Material provided:
━━━━━━

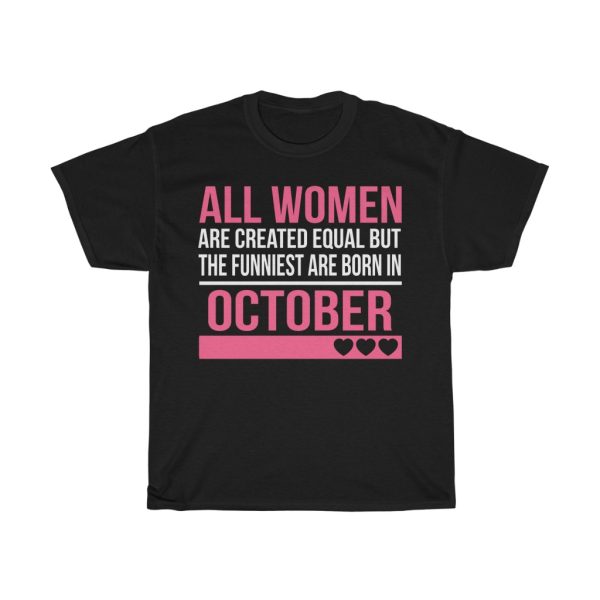 Funniest Women Are Born In October Birthday Gift T-shirt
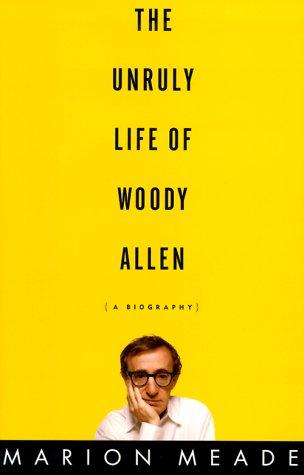 The Unruly Life of Woody Allen: A Biography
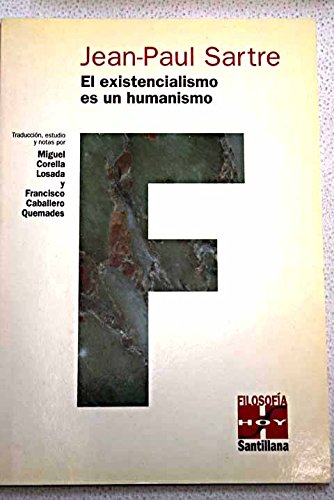 El existencialismo es un humanisno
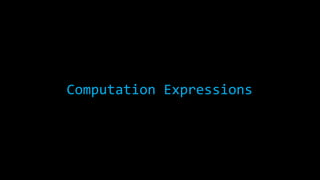 Computation Expressions 
 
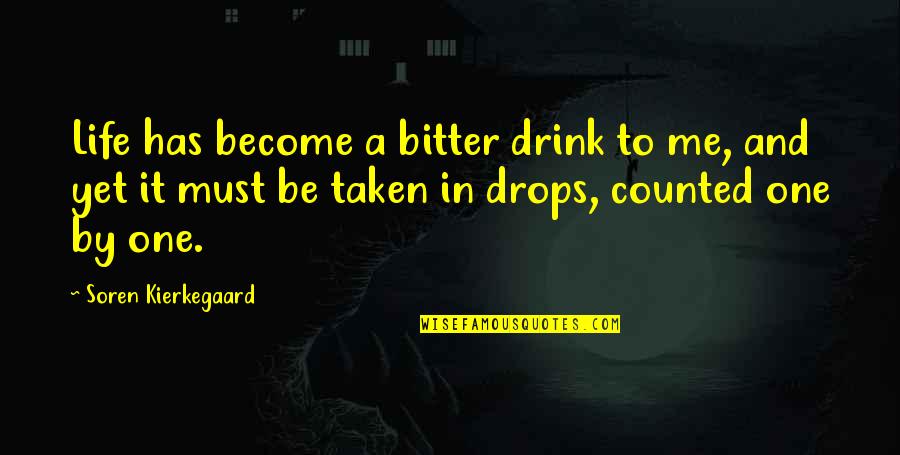 Gerlich Quotes By Soren Kierkegaard: Life has become a bitter drink to me,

━━━━━━

Assignment: Retype the material above exactly, images excluded.

Solution to the problem:
 Funniest Women Are Born In October Birthday Gift T-shirt
 The Unruly Life of Woody Allen: A Biography
 El existencialismo es un humanisno
 Computation Expressions 
 
 Gerlich Quotes By Soren Kierkegaard: Life has become a bitter drink to me,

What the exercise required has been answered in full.